Not everyone on Wall Street is so sanguine.
After peaking in July, the market has weakened amid fear that nascent inflationary pressures will force the Fed into a series of short-term interest-rate hikes. The Fed has nudged up rates twice this year, on June 30 and Aug. 24, and speculation is building that a third boost will come before ’99 is out.
That could be especially harmful to big-name tech issues, which are among the most richly valued stocks. For example, based on projected 1999 earnings, the price-to-earnings ratio of Cisco Systems is 69. That towers over the S&P; 500’s P/E of 26, which itself is near an all-time high.
As rates rise, the economic outlook becomes cloudy and investors are therefore less willing to pay up today for the prospect of impressive earnings tomorrow. In simple terms, that means that the P/Es of the most richly priced stocks could fall.
“Large-cap stocks, including large-cap technology stocks, will underperform the market, and the market itself will be down,” said Peter Anderson, chief investment strategist at American Express Financial Advisors. “They’ve had huge runs, and many are sporting huge price-earnings multiples.”
The fate of tech stocks is especially critical now because the broad market has been so weak. The number of stocks that fall in price on any given day has consistently outpaced the number that rise in price.
Many analysts say that scenario can’t last forever. Eventually, the vast majority of stocks must begin to rise alongside the leaders, or the top stocks must crack.
Tech stocks have other problems, Anderson said.
Though “business couldn’t be better” for most companies, earnings expectations are so high that some firms are likely to fall short of what Wall Street wants, Anderson said.
A couple of years ago, it was important for the quarterly earnings of a company to meet or exceed the “consensus” earnings estimate of Wall Street stock analysts. Today, however, companies must beat the “whisper” number, a higher figure that circulates by word of mouth in the days leading up to a profit release date.

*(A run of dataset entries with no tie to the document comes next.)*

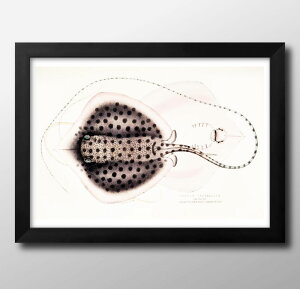 Cm re[WCXg A3 TCY |X^[ A[g  G CeA k CXg }bg  A[gpl z t[ fUC Ǌ| Mtg Vzj fBXvC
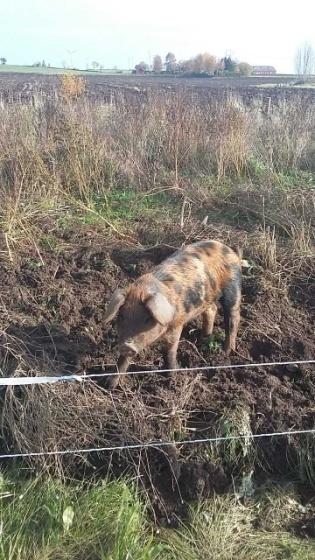 Deras lantgårdsdjur gör familjen delvis självförsörjande. Där kan vi njuta av natur och vyerna över slätten. Vi får se på flera sorters djur, där bor t.ex.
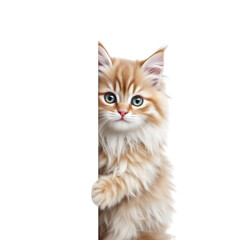 Fototapeta premium A curious orange kitten peeking from behind a corner on transparent background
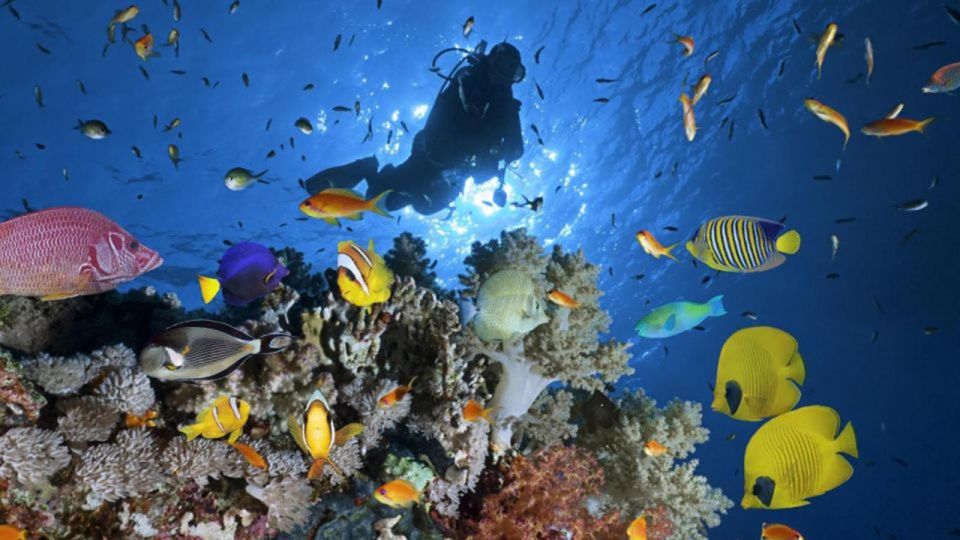 Hurghada: Intro Diving & Snorkeling Tour With Lunch & Drinks - Dive and Snorkel Highlights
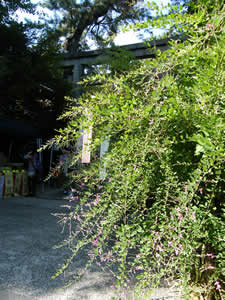 梨木神社の萩の写真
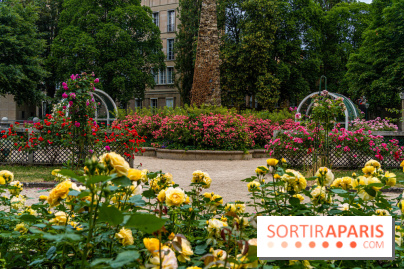 La roseraie du Square René-le-Gall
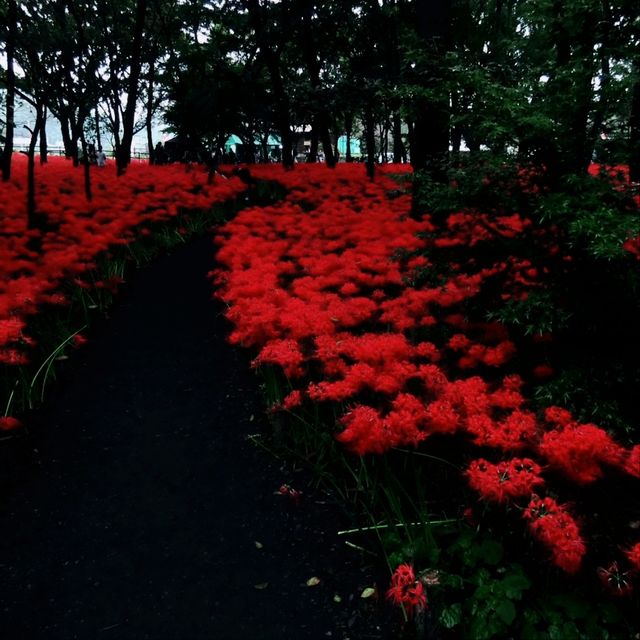 異世界広がる曼珠沙華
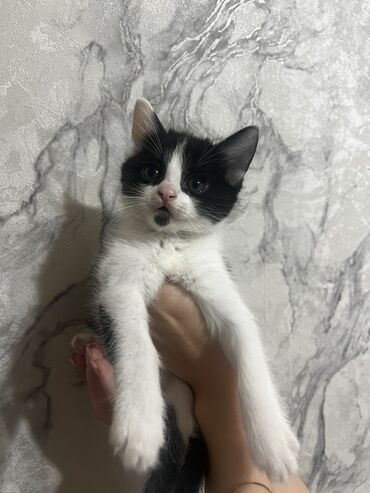 купить кошку в оше: Котёнок, 3 мес. Жер уйго берилет, г Ош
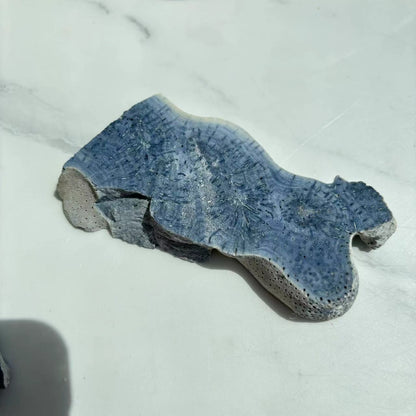 Blue Coral Jade Freeform Crystal Wholesale Collection Display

Topping a consensus estimate but falling shy of a whisper number can provoke a sell-off. That’s what happened last week to Motorola, which saw its stock slide the day after saying third-quarter earnings had surged more than eightfold to meet consensus projections.
“The problem is analysts have been whispering up the earnings numbers on these stocks for weeks to a point at which companies report good earnings but the stock doesn’t reach the whisper number,” Anderson said.
Only a few big-name tech companies have reported quarterly earnings so far. But the results overall seem to demonstrate strong prospects:
* Last week’s selling was spurred initially by Intel’s third-quarter earnings report late Tuesday, which showed that the chip giant had fallen 2 cents per share short of consensus estimates.
But the shortfall stemmed in part from temporary manufacturing glitches rather than a drop-off in customer demand. Also, average prices suffered a bit as Intel captured a bigger market share in the low end of the market for personal-computer chips.
“Intel is still Intel,” Moore said.
The company is working furiously to become a supplier of chips to servers and other high-end computers. The server market, for example, is growing at more than twice the rate of the market for PCs.
“People will keep buying computers, and Intel is starting to grow into other areas,” fund manager Landis said.
* Sun Microsystems’ profits are increasing as it sells more large computers that companies use to run their Internet sites. Net income for the fiscal first quarter ended Sept. 26 jumped to $271.1 million from $113.9 million a year ago.
Competitors such as Hewlett-Packard and Unisys have said that revenue growth will fall short of estimates, a sign that Sun may be gaining market share.
* As for a top Internet company, Yahoo two weeks ago reported third-quarter earnings that easily topped Wall Street estimates. Revenue more than doubled as advertising growth at the Internet portal appears strong.